━━ RECORDS PROVIDED

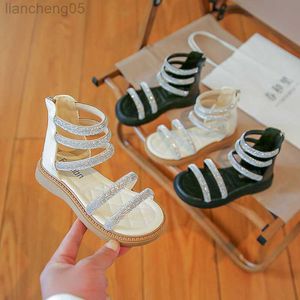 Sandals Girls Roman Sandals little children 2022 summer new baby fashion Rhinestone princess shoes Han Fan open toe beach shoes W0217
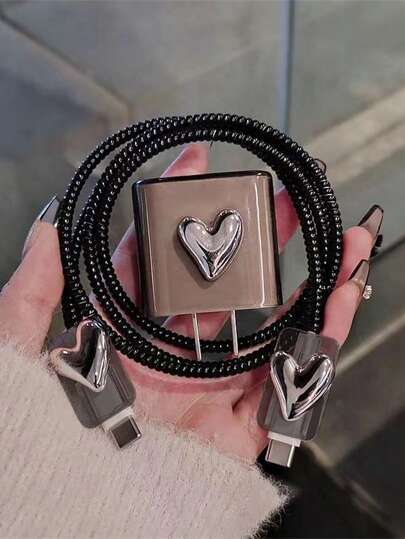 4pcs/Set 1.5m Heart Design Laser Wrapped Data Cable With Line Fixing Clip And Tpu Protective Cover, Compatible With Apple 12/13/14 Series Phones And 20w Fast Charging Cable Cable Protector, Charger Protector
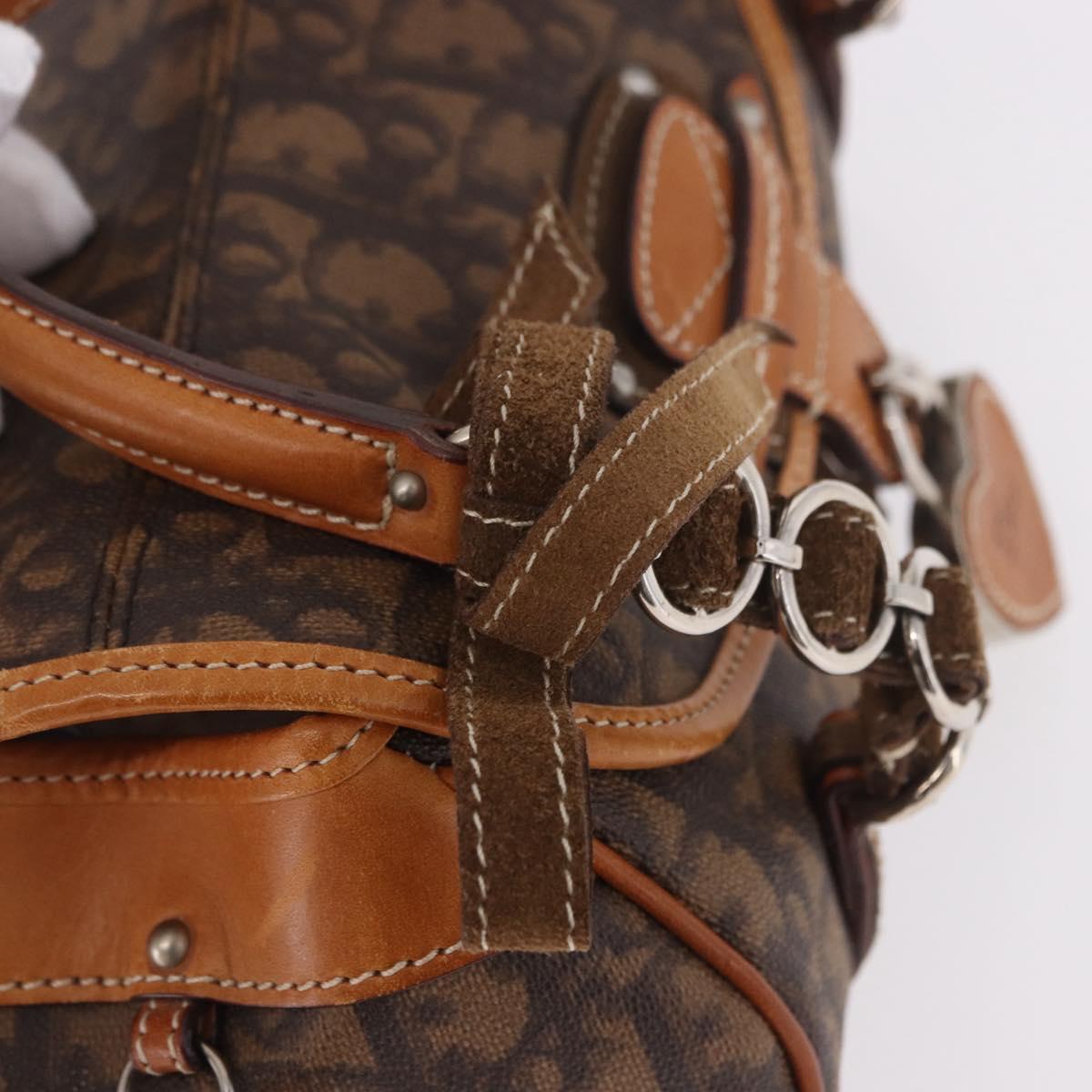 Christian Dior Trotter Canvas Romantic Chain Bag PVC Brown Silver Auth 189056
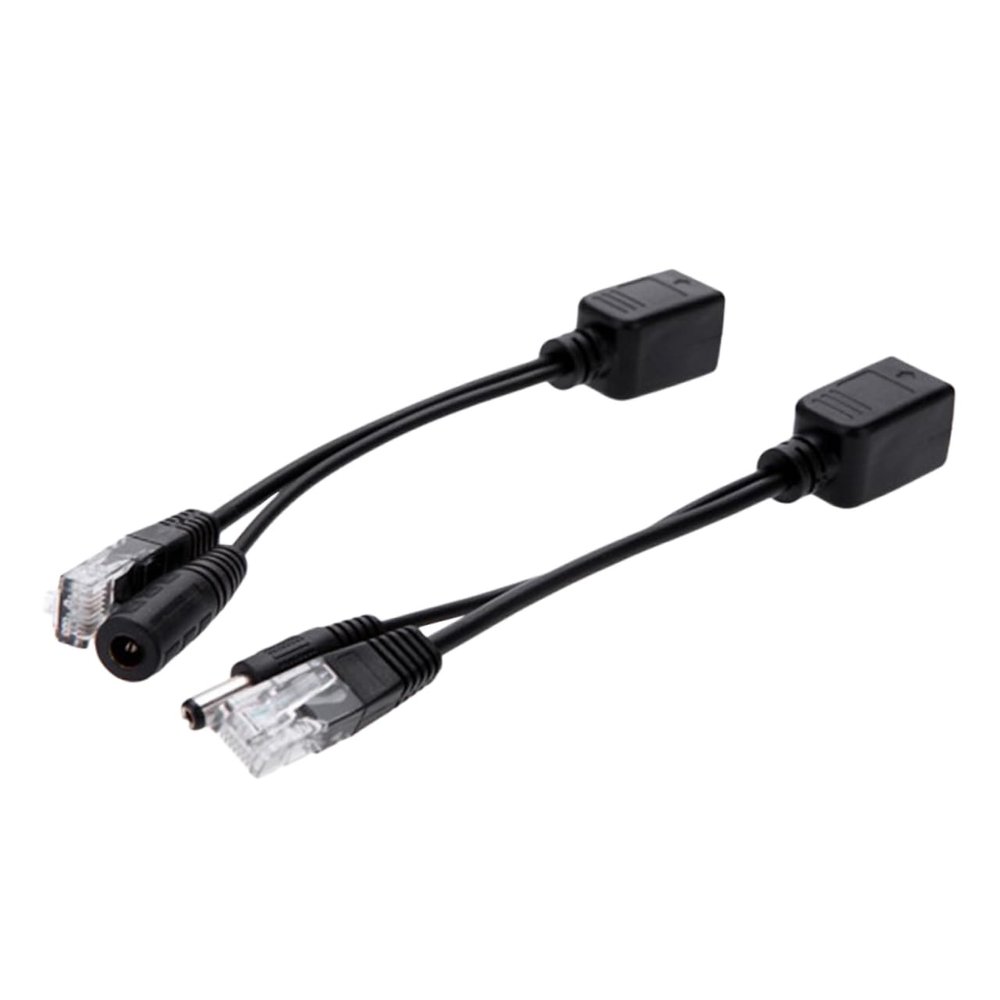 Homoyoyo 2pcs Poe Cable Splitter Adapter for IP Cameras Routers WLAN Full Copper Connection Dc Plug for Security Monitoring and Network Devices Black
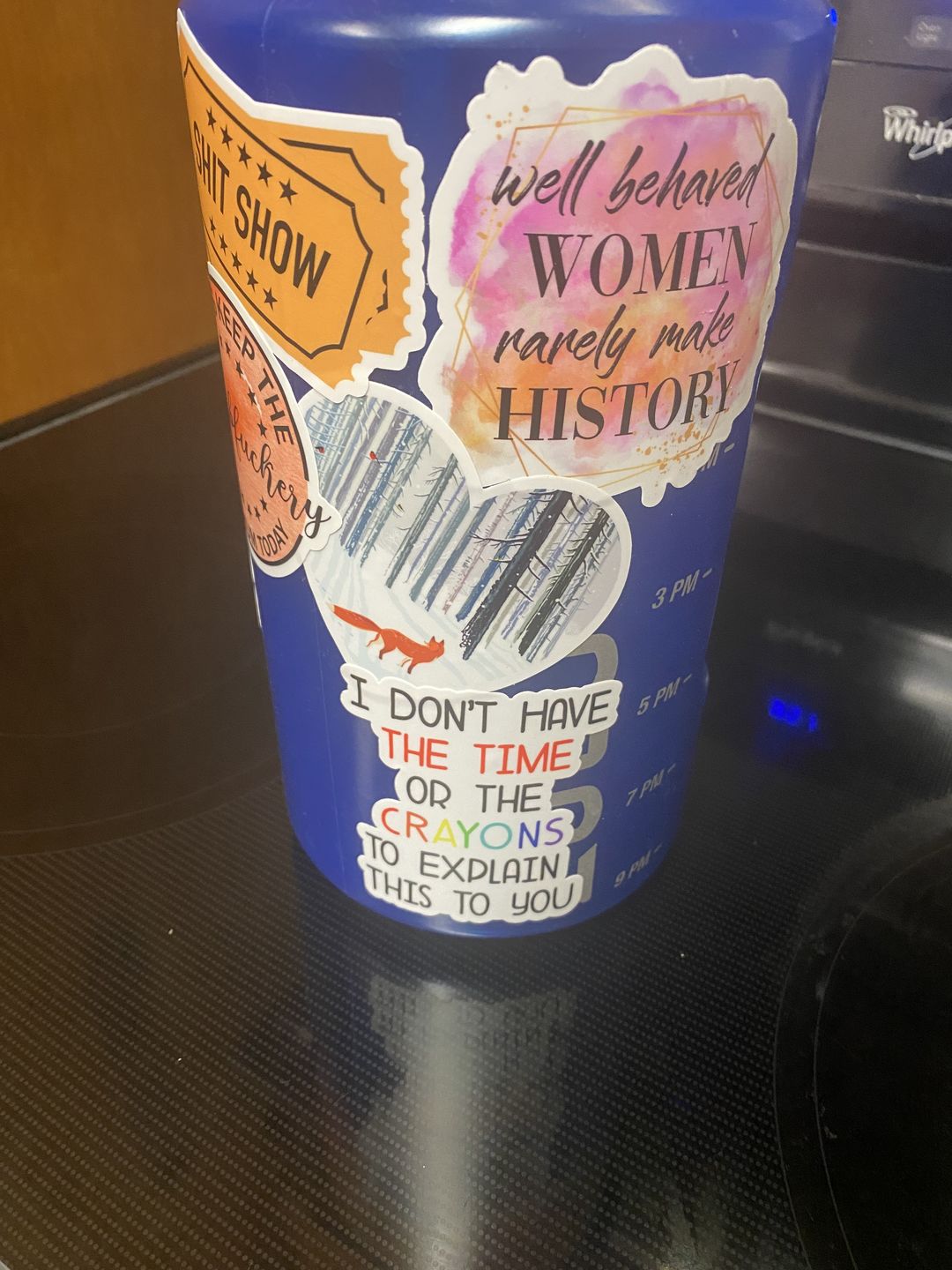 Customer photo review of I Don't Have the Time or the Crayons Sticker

━━━━

§ WHAT TO WORK ON:
Only the lines from the start of the records through the line containing "Homoyoyo 2pcs Poe" should be repeated, word for word, with the pictures left out.

§ YOUR RESPONSE:
 Sandals Girls Roman Sandals little children 2022 summer new baby fashion Rhinestone princess shoes Han Fan open toe beach shoes W0217
 4pcs/Set 1.5m Heart Design Laser Wrapped Data Cable With Line Fixing Clip And Tpu Protective Cover, Compatible With Apple 12/13/14 Series Phones And 20w Fast Charging Cable Cable Protector, Charger Protector
 Christian Dior Trotter Canvas Romantic Chain Bag PVC Brown Silver Auth 189056
 Homoyoyo 2pcs Poe Cable Splitter Adapter for IP Cameras Routers WLAN Full Copper Connection Dc Plug for Security Monitoring and Network Devices Black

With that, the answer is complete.